Sin embargo, a veces me sentía derrotada por la multitud de planes. Nuestras vidas eran una serie de cambios de posición constantes, impulsados por el mero instinto de supervivencia, el calor y la seguridad. El presente, esa ilusión de libertad, ahora parecía traicionarnos, convocando al enemigo más poderoso de la vida: el miedo. Se cernía sobre nosotros como una premonición, anticipando el futuro como un dolor en el pecho. Entonces llamaron a la puerta—fuerte, en el centro—y luego vino el golpe. Eran ellos; era hora de movernos de nuevo.
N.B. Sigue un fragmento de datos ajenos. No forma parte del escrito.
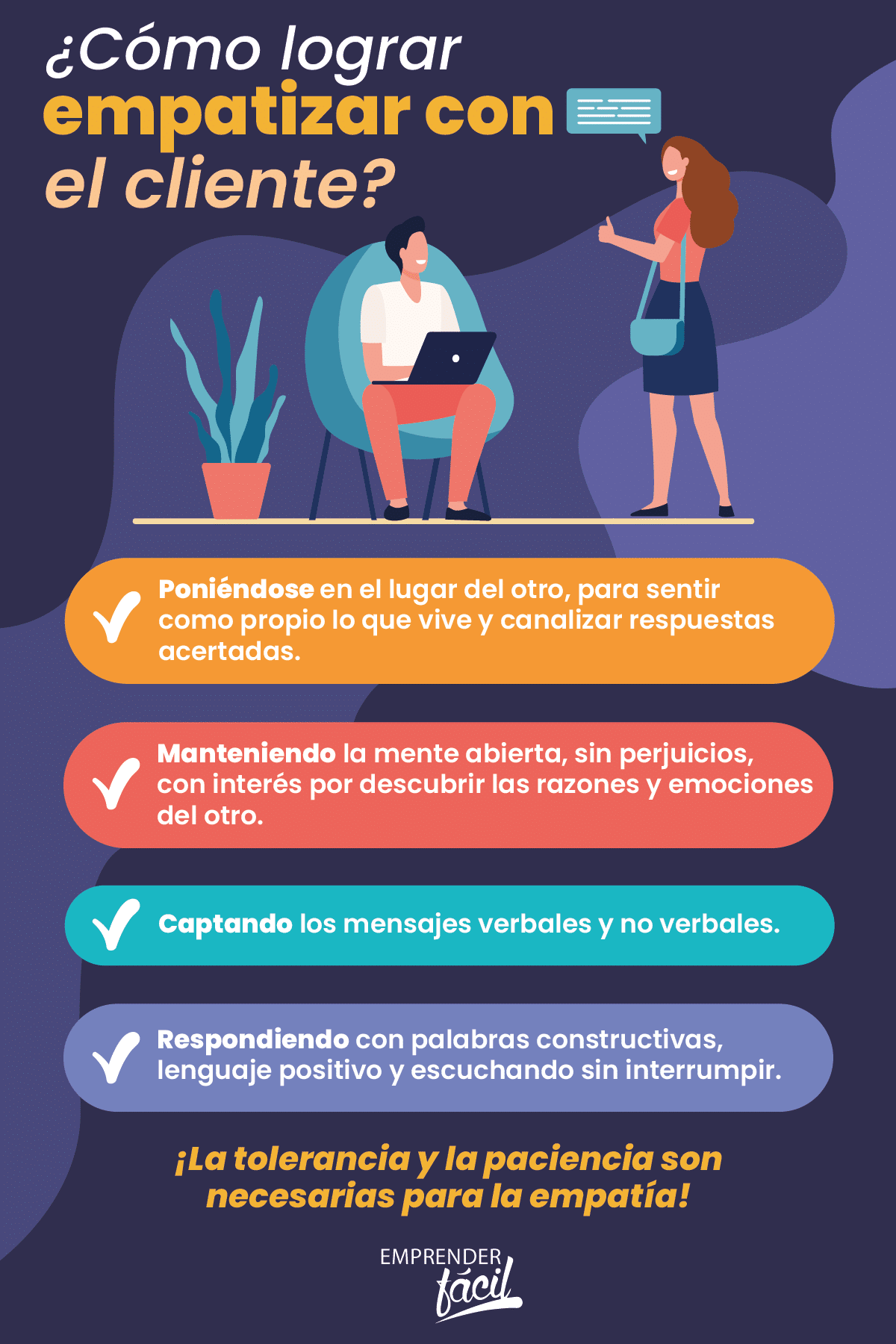 Utiliza el mismo “idioma” del cliente para empatizar.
Llegó y se sentó en la salita de la entrada, justo antes de pasar al pasillo que daba al comedor principal. Ensimismada por el tic-tac del reloj de pared, miraba sus agujas, esperando que aquella imagen se le fuera de entre las cejas. Yo la observaba, desde el visillo de la puerta del pasillo sin que ella me notara; su mirada fija, sus manos tensas. Pensando en círculos sobre aquello que acababa de ver y no podía dejar pasar. Yo seguía mirándola, apoyada en la pared, cada vez más cerca de la puerta, intentando traducir lo que su pulso decía, en qué idioma hablaba. Su mirada rígida, fija en un punto, como en trance hacia otra versión de sí misma para la que no estaba preparada.
Y a medida que la noche se hacía más profunda, las sombras se alargaban y el silencio se volvía más denso. Nos retirábamos a nuestros respectivos rincones de la cámara, reclamando espacios que una vez albergaron a la realeza. Nuestras camas improvisadas, hechas de cojines y abrigos, eran un refugio temporal pero nuestro. En el silencio que seguía, roto solo por el sonido de la lluvia y el ocasional trueno lejano, encontrábamos el sueño, cada uno perdido en sus propios pensamientos de un mañana más tranquilo. De repente, la mirada de padre recorrió la habitación, atraída por el sonido de botas marchando. Su brusca inhalación fue una alarma silenciosa, despertándonos de nuestras camas. Intercambiamos miradas, cada uno entendiendo la gravedad del momento sin necesidad de palabras. Con una prisa practicada, seguimos el plan.